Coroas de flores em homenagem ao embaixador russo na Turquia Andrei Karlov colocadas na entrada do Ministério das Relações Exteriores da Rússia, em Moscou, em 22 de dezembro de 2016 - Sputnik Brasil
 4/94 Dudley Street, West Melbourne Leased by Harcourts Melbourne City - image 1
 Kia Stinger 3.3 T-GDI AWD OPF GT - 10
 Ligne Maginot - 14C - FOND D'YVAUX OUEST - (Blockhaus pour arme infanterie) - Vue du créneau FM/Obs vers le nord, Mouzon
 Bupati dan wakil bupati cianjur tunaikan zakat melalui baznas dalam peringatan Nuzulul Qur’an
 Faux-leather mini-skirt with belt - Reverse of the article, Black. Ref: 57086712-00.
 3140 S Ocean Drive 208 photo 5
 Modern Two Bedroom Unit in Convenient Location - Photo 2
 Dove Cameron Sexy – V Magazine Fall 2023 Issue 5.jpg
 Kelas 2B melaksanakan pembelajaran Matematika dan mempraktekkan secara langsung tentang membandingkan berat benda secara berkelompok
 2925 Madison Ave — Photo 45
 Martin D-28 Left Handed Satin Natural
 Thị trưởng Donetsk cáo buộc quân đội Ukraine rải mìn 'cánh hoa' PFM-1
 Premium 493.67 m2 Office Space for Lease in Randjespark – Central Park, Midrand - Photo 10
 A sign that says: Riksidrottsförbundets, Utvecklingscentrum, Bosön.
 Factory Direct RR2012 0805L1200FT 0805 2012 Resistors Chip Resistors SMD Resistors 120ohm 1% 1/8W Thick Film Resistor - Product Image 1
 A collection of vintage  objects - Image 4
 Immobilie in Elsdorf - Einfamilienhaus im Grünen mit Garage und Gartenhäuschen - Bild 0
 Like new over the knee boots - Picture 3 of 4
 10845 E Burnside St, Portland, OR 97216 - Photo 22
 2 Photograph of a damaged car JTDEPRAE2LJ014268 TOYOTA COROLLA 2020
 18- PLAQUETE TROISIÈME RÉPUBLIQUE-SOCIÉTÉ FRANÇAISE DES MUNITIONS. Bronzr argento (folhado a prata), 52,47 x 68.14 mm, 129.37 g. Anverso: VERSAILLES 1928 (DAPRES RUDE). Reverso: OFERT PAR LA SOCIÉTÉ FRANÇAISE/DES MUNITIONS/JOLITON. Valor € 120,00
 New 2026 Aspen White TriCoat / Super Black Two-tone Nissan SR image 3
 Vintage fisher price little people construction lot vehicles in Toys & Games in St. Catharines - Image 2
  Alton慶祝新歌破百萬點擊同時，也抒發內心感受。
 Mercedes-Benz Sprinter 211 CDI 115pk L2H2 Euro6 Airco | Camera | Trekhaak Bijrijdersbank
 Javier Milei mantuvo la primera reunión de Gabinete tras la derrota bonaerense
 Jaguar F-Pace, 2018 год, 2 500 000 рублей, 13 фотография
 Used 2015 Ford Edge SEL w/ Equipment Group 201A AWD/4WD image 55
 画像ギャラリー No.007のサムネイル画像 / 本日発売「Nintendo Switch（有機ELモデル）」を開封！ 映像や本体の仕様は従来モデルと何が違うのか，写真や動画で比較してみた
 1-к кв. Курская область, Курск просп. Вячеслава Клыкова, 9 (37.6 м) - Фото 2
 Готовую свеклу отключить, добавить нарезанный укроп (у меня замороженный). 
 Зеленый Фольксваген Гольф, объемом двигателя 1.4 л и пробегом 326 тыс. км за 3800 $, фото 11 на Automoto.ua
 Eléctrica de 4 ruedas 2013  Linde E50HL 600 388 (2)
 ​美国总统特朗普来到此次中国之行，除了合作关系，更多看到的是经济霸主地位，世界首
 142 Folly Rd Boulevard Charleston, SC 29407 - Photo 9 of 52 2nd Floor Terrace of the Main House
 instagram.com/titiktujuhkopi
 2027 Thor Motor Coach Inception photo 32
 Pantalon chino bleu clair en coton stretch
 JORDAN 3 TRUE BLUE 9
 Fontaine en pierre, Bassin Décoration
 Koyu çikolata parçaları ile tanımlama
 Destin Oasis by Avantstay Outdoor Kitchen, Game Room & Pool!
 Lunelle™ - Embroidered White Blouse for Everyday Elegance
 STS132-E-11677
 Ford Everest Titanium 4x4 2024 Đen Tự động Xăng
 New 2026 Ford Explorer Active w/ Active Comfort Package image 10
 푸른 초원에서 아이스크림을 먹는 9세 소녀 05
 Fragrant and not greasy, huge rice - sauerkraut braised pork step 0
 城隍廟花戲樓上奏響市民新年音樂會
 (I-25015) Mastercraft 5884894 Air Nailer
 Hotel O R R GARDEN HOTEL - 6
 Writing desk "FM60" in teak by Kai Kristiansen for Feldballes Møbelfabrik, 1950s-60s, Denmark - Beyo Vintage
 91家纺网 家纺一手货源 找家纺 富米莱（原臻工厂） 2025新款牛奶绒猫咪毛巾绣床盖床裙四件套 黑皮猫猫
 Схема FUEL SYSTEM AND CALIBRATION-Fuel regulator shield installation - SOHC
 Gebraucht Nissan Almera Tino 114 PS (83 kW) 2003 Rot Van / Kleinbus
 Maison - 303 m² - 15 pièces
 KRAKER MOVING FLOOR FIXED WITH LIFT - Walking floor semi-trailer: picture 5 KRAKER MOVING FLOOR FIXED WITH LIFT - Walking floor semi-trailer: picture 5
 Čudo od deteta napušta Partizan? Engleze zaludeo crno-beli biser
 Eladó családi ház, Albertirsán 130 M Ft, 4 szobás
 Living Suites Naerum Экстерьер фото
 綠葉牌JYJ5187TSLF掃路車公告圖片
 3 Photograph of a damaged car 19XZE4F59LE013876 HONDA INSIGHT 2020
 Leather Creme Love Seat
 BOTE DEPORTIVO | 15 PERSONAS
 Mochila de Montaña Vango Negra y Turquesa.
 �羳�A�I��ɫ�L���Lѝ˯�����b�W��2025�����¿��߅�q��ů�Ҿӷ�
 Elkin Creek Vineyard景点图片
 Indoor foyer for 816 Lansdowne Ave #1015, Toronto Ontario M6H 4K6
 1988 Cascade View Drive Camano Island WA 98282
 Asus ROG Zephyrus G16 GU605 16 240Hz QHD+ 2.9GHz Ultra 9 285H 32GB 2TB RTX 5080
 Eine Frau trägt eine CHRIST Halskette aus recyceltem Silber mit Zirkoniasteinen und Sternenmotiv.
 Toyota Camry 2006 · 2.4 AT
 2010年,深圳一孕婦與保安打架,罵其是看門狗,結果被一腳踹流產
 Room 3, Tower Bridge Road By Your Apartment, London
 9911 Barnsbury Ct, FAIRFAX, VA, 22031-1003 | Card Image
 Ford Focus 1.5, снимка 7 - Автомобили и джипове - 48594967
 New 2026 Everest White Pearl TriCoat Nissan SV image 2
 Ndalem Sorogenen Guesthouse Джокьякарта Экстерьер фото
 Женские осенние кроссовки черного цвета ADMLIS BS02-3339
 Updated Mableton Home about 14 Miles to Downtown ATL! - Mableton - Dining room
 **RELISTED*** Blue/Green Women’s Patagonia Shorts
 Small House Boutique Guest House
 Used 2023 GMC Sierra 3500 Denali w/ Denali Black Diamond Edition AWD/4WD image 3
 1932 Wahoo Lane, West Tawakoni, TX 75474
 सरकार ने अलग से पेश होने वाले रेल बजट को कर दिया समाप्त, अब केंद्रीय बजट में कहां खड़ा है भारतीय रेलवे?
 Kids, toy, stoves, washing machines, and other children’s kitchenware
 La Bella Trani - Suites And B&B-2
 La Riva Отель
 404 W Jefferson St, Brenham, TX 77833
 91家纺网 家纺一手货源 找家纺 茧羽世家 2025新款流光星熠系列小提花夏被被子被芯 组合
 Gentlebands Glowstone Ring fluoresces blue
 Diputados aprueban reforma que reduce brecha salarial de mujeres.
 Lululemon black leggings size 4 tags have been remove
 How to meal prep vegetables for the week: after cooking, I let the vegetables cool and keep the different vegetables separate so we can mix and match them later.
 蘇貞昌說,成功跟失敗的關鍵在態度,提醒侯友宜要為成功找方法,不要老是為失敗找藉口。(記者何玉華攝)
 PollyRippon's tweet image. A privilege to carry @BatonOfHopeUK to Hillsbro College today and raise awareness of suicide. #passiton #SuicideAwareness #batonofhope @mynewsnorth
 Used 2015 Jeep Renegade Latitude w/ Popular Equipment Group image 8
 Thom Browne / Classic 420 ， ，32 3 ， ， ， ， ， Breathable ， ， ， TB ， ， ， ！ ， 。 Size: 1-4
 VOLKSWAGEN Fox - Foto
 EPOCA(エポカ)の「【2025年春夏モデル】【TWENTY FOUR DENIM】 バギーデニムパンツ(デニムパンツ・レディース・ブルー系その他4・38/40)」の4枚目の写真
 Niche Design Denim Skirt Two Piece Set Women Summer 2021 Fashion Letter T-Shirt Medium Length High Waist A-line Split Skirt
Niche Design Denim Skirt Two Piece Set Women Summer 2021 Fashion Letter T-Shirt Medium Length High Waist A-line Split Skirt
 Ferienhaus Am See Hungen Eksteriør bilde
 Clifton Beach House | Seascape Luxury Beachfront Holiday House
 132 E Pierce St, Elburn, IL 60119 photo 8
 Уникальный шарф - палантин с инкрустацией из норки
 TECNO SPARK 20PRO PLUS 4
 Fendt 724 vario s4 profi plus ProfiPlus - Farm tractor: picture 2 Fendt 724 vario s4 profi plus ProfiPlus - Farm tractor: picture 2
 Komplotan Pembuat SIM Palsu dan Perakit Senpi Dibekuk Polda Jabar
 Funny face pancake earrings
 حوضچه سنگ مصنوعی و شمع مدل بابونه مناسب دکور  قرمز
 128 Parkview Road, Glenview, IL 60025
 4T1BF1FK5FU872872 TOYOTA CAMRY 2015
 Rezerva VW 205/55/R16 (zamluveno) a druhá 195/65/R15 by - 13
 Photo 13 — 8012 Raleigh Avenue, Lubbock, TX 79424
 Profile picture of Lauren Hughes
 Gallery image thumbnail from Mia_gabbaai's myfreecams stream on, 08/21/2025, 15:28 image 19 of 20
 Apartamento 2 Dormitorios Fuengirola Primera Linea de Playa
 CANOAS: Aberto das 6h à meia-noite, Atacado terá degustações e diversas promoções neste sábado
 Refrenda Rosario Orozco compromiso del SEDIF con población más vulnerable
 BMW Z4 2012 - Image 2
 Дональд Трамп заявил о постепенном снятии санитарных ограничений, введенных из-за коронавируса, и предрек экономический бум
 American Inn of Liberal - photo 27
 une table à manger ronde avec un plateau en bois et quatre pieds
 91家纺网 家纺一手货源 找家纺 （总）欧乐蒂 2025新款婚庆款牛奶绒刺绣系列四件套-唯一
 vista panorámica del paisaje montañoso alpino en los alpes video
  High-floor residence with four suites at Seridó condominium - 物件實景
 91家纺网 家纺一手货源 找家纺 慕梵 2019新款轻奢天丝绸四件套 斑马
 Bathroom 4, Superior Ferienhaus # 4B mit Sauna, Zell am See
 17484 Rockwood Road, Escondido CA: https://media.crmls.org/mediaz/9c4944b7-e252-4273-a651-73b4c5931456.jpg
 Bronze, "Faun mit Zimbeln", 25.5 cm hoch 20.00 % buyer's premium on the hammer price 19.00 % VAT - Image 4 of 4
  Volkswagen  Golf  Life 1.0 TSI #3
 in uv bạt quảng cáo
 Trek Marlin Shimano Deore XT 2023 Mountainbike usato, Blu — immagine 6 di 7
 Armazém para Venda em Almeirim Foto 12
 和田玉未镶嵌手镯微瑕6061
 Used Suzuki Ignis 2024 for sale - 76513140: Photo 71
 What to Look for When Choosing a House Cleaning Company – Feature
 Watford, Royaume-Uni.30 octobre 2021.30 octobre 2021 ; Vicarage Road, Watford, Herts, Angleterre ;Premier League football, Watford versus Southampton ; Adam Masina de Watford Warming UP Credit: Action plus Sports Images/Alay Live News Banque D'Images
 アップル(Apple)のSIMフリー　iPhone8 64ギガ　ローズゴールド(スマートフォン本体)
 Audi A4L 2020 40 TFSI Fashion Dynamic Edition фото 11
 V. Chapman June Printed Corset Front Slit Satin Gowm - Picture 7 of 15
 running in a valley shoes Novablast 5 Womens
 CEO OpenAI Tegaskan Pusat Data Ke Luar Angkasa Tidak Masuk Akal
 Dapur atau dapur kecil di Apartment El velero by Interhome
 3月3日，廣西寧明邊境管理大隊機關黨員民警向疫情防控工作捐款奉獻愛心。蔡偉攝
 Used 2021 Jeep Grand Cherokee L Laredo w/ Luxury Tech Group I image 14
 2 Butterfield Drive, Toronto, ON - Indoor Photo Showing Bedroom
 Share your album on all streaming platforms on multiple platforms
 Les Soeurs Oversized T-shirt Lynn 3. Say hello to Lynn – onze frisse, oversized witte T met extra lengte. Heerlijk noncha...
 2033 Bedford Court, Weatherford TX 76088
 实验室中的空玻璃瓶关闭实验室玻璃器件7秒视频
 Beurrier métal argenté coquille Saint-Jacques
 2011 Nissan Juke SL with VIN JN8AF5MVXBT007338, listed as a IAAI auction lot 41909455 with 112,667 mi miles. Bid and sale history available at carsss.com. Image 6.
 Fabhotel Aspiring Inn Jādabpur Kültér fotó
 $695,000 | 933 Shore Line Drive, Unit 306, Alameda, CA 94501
★ ★ ★ ★
* The problem
Look above for the line holding "picture 2 Fendt" and the line holding "What to Look", then output exactly those two lines and every line between them, nothing more.

* Solution to the problem
 Fendt 724 vario s4 profi plus ProfiPlus - Farm tractor: picture 2 Fendt 724 vario s4 profi plus ProfiPlus - Farm tractor: picture 2
 Komplotan Pembuat SIM Palsu dan Perakit Senpi Dibekuk Polda Jabar
 Funny face pancake earrings
 حوضچه سنگ مصنوعی و شمع مدل بابونه مناسب دکور  قرمز
 128 Parkview Road, Glenview, IL 60025
 4T1BF1FK5FU872872 TOYOTA CAMRY 2015
 Rezerva VW 205/55/R16 (zamluveno) a druhá 195/65/R15 by - 13
 Photo 13 — 8012 Raleigh Avenue, Lubbock, TX 79424
 Profile picture of Lauren Hughes
 Gallery image thumbnail from Mia_gabbaai's myfreecams stream on, 08/21/2025, 15:28 image 19 of 20
 Apartamento 2 Dormitorios Fuengirola Primera Linea de Playa
 CANOAS: Aberto das 6h à meia-noite, Atacado terá degustações e diversas promoções neste sábado
 Refrenda Rosario Orozco compromiso del SEDIF con población más vulnerable
 BMW Z4 2012 - Image 2
 Дональд Трамп заявил о постепенном снятии санитарных ограничений, введенных из-за коронавируса, и предрек экономический бум
 American Inn of Liberal - photo 27
 une table à manger ronde avec un plateau en bois et quatre pieds
 91家纺网 家纺一手货源 找家纺 （总）欧乐蒂 2025新款婚庆款牛奶绒刺绣系列四件套-唯一
 vista panorámica del paisaje montañoso alpino en los alpes video
  High-floor residence with four suites at Seridó condominium - 物件實景
 91家纺网 家纺一手货源 找家纺 慕梵 2019新款轻奢天丝绸四件套 斑马
 Bathroom 4, Superior Ferienhaus # 4B mit Sauna, Zell am See
 17484 Rockwood Road, Escondido CA: https://media.crmls.org/mediaz/9c4944b7-e252-4273-a651-73b4c5931456.jpg
 Bronze, "Faun mit Zimbeln", 25.5 cm hoch 20.00 % buyer's premium on the hammer price 19.00 % VAT - Image 4 of 4
  Volkswagen  Golf  Life 1.0 TSI #3
 in uv bạt quảng cáo
 Trek Marlin Shimano Deore XT 2023 Mountainbike usato, Blu — immagine 6 di 7
 Armazém para Venda em Almeirim Foto 12
 和田玉未镶嵌手镯微瑕6061
 Used Suzuki Ignis 2024 for sale - 76513140: Photo 71
 What to Look for When Choosing a House Cleaning Company – Feature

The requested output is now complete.